++++ EXERCISE INPUTS ++++
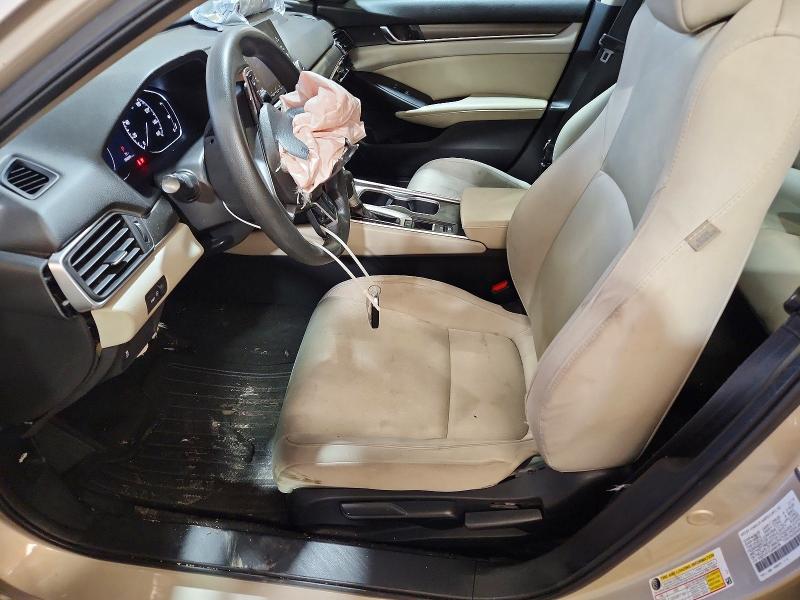 67280716 :رقم المزاد ، 1HGCV1F1XJA090159 vin ، 2018 Honda Accord مزاد بيع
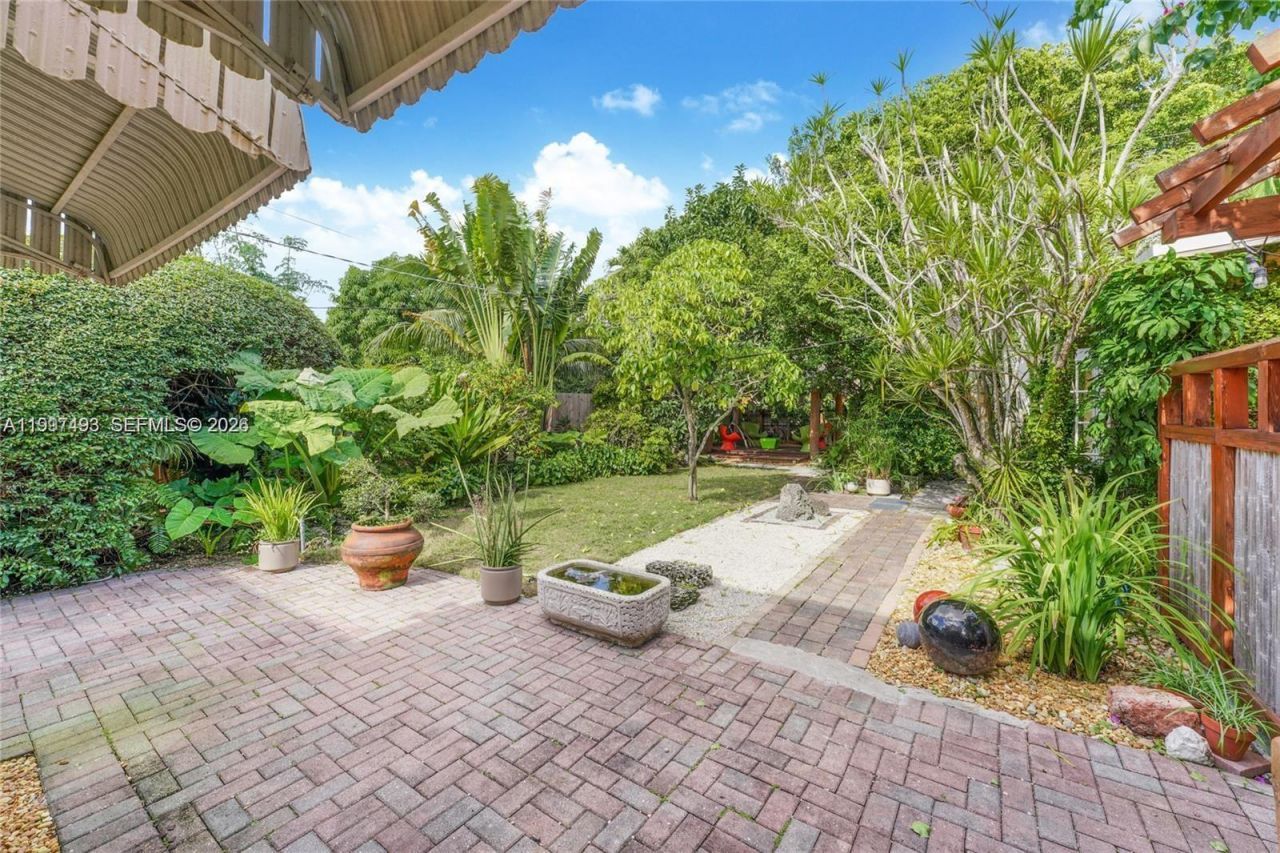 521 NE 74th St , Miami, FL 33138 Photo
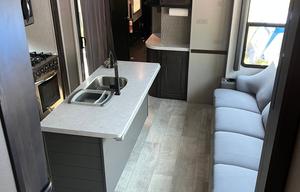 2021 Grand Design Momentum ****Delivery ONLY*****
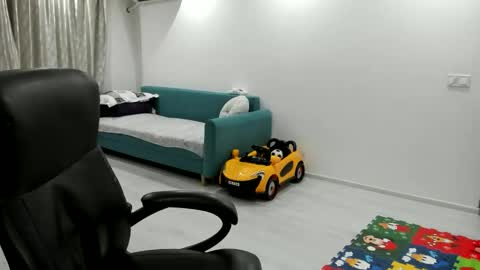 Snapshot of fetishcatalea chatting on March 23, 2026, 8:02 pm Catalea DM online show from March 23, 2026, 8:02 pm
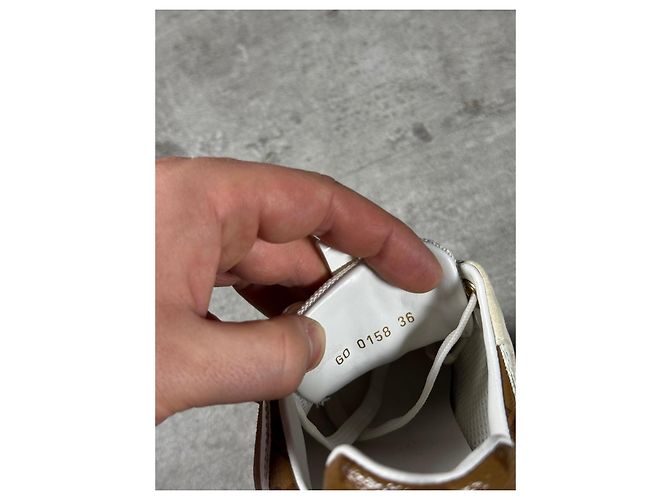 Louis Vuitton Run Away Sneakers Donna Marrone Bianco Beige D'oro - vista 7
++++
## WORK INSTRUCTIONS
Using the listing above, copy exactly the lines from the one that contains "2021 Grand Design" through its last line, both included, but not the pictures.

## RESULT OF THIS EXERCISE
 2021 Grand Design Momentum ****Delivery ONLY*****
 Snapshot of fetishcatalea chatting on March 23, 2026, 8:02 pm Catalea DM online show from March 23, 2026, 8:02 pm
 Louis Vuitton Run Away Sneakers Donna Marrone Bianco Beige D'oro - vista 7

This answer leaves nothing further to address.